The example I have in mind of a torsion element in fundamental group is what happens on the projective plane: there is a cell $D^2$, but its boundary doubly covers a copy of $S^1$. The latter has then order two in the homotopy group. Let me call this a "wrapped 2-disk" sitting inside the projective plane.
In general, a torsion element $\gamma \in \pi_k(S^n) $ can be thought as a commutative diagrams
$$ \begin{array}{ccc} \partial D^{k+1} & \rightarrow & D^{k+1} \\ \downarrow & & \downarrow \\ S^k & \rightarrow & S^n \end{array} $$
For the left vertical arrow having finite non zero index, and this is a wrapped $(k+1) $ disk.

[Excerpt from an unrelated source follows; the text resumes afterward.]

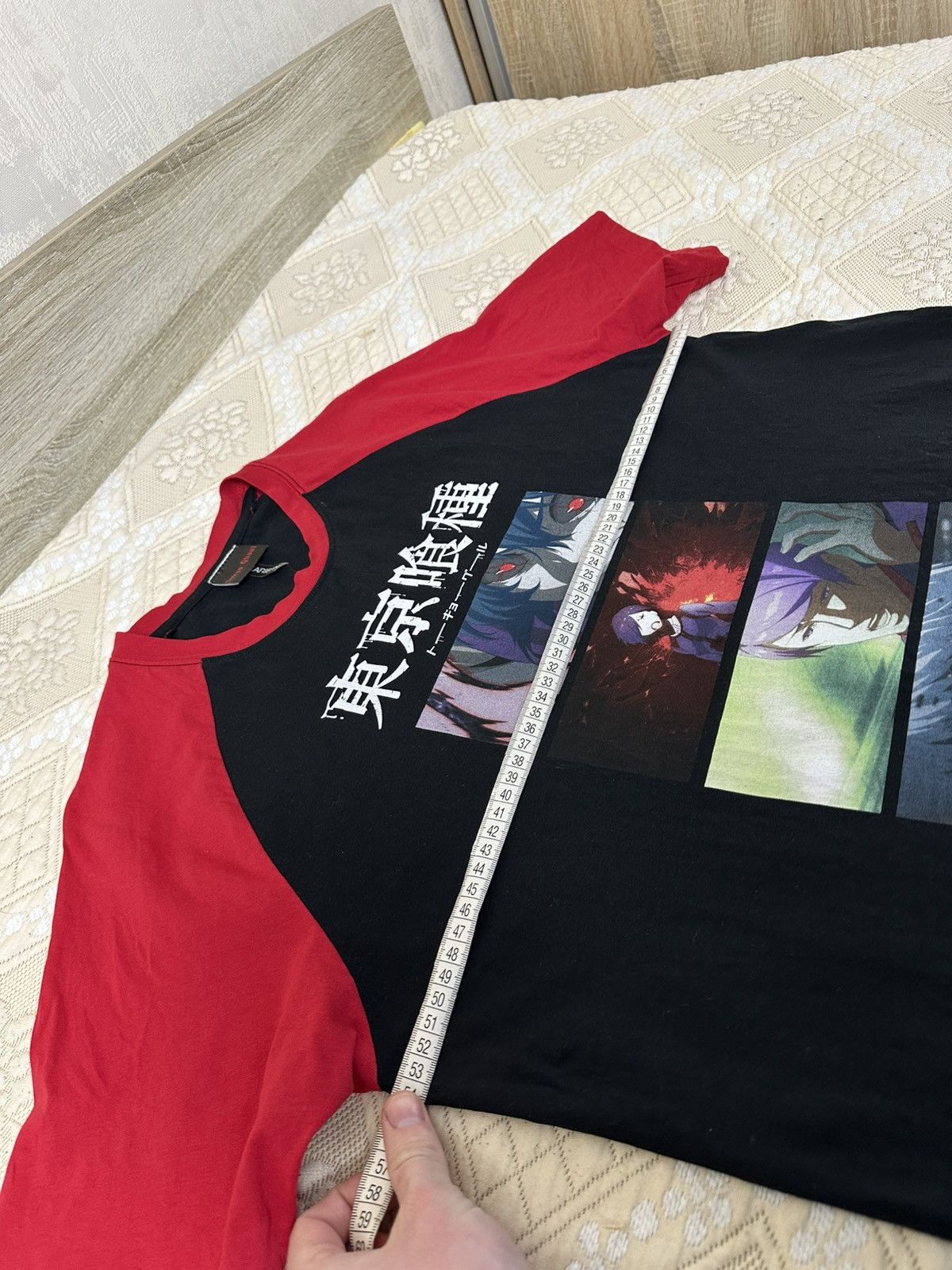 Anime 🔥 Rare Animagic Tokyo Ghoul Kaneki Anime Manga T shirt L Y2K Size US L / EU 52-54 / 3 - 6 Thumbnail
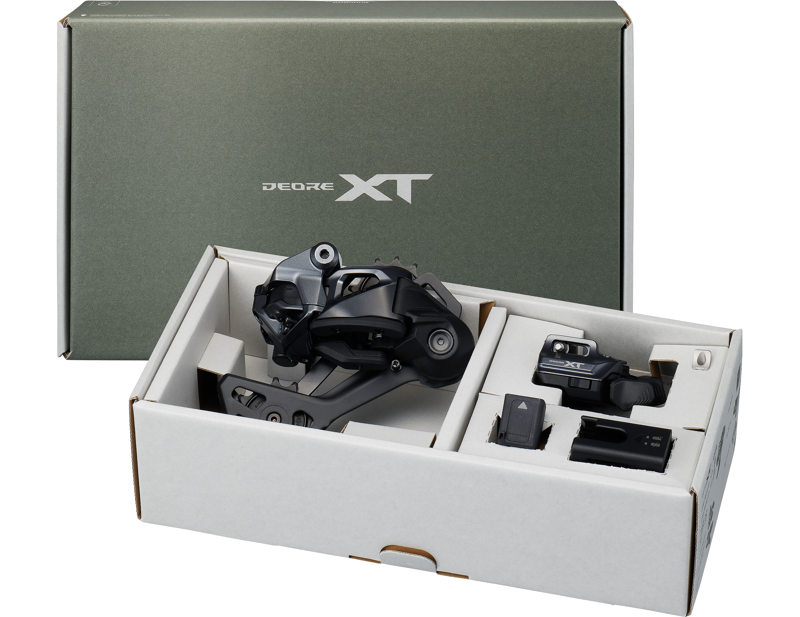 Shimano XT M8250 Di2 Upgrade Kit in Black-1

It is known that even for low indices torsion element exists; do you know an explicit representative? I suspect it could be symmetric enough.

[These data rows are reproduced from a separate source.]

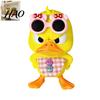 Trendy Room Decor 3D Printed Cute Duck Figurine with Glasses, Angry Pose Desk Decor, Creative Office Bookcase Car Ornament, Funny Collectible Toy Gift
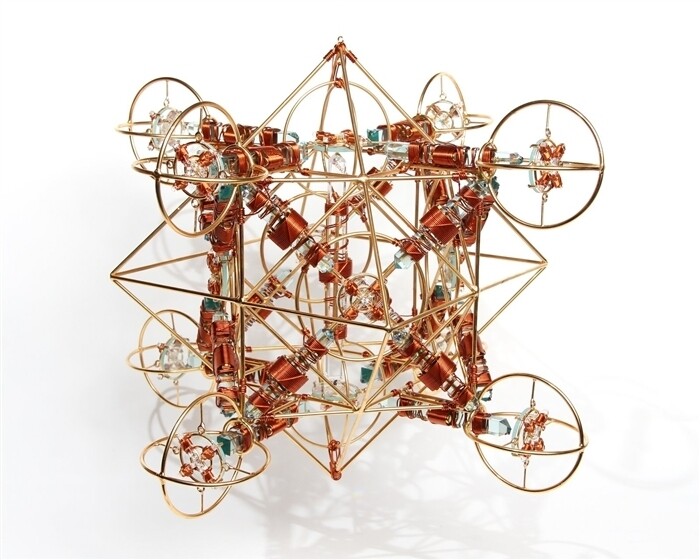 Buddha Maitreya the Christ - Large Maitreya Solar Cross with 14 Etheric Sri Yantra Solar Forms &amp; 4 Inner Solar Crosses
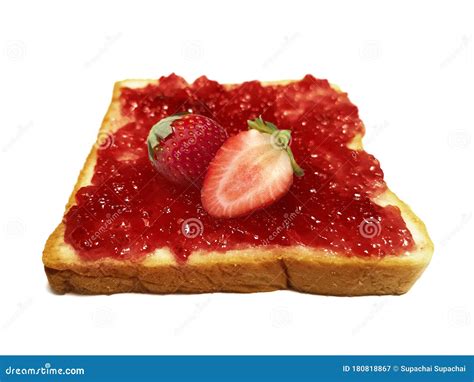 Marmellata di fragole su pane tostato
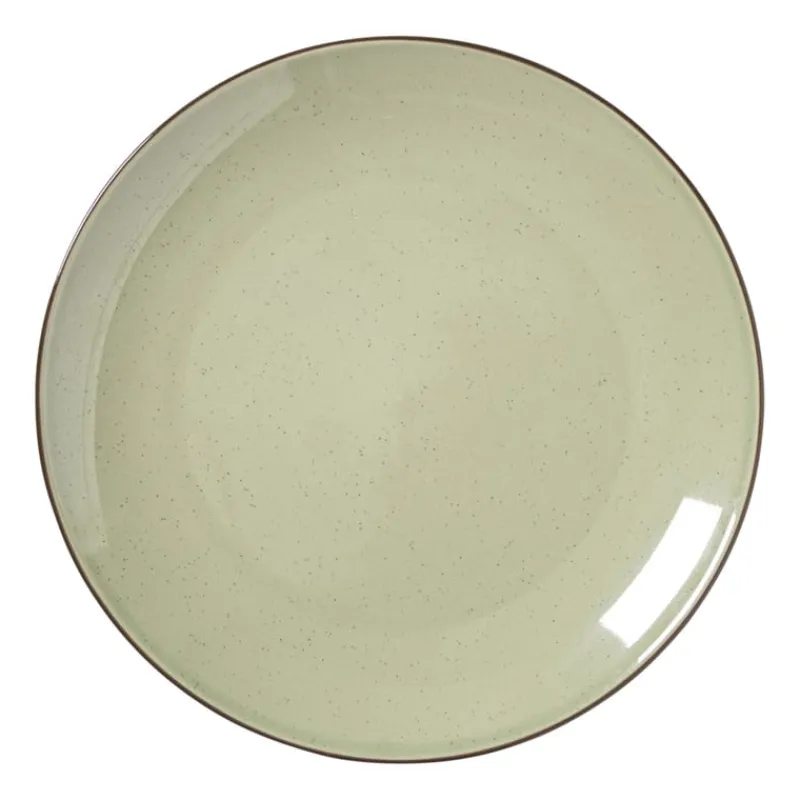 Xenos Borden-Dinerbord Emma - lichtgroen - ø26.8x2.5 cm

Any geometric idea on how this "finite wrapping" between different dimensions should arise is welcomed.
With the classical description of homotopy groups of spheres, the best answer is probably "It appears because there is no reason for it not to." If I recall correctly, every finite, simply-connected, and noncontractible CW complex has torsion in its homotopy groups - this is a result of Serre.
If you allow different descriptions of homotopy groups of spheres, then there can be more interesting explanations. In the comments Кряжев Арсений, alludes to framed manifolds. It is a result of Thom, I believe, that says the stable homotopy groups of spheres are isomorphic to the cobordism ring of framed manifolds. Here stable refers to a specific subcollection of the homotopy groups of spheres (or alternatively the colimit of the homotopy groups under the suspension homomorphism). Framed means manifolds equipped with a trivialization of their stable normal bundle, and cobordism means take these decorated manifolds up to the equivalence relation generated by $M \simeq N$ if there is a decorated manifold with boundary $W$ so that $\partial W = M \cup N$.
Then under this isomorphism, the suspension of the Hopf map is represented by the circle and instead of the canonical framing of its normal bundle in $\mathbb{R}^3$, we twist it once as we go along the circle. This can't be extended along a manifold with boundary $S^1$, so it gives a nontrivial element of the stable homotopy groups, but two copies of this bound a cylinder the framing can be extended along, so the element has order 2.
There is a another reasonable description I like of higher homotopy groups in the homotopy groups of spheres, and that is that it is required by the existence of cohomology operations. It's a classical result that the spaces with a single nontrivial homotopy group in degree n represent nth cohomology with coefficients in that homotopy group. By the Yoneda lemma, the cohomology of these spaces represents natural transformations between cohomology groups. There are many calculations of these natural transformations, so called cohomology operations, and they surely exist.
Since the cohomology of $S^n$ is nontrivial only in degree n, the existence of cohomology operations implies that this cannot represent nth singular cohomology, so it must have multiple nontrivial homotopy groups. Additionally, it is not hard to prove that if n is odd, $S^n$ has no higher homotopy groups with nontorsion in them. So we see in this case, that torsion is forced to exist as a result of cohomology operations existing.
Of course there are direct ways to show many nontorsion elements, and essentially all the computational ways will leave you with the feeling "This is just here by chance." And they really are, the homotopy groups of spheres are incredibly chaotic, and they are definitely not understood through the classical definition of maps of spheres that bound a disk. Topologists try to abstract away until we are very far from this original definition, using it only when necessary. If you have a geometric mind you will like Кряжев Арсений's description, and if you have a more algebraic mind you will like things like the Adams Spectral sequence. Both explain why torsion arises, and both are very far from the original definition.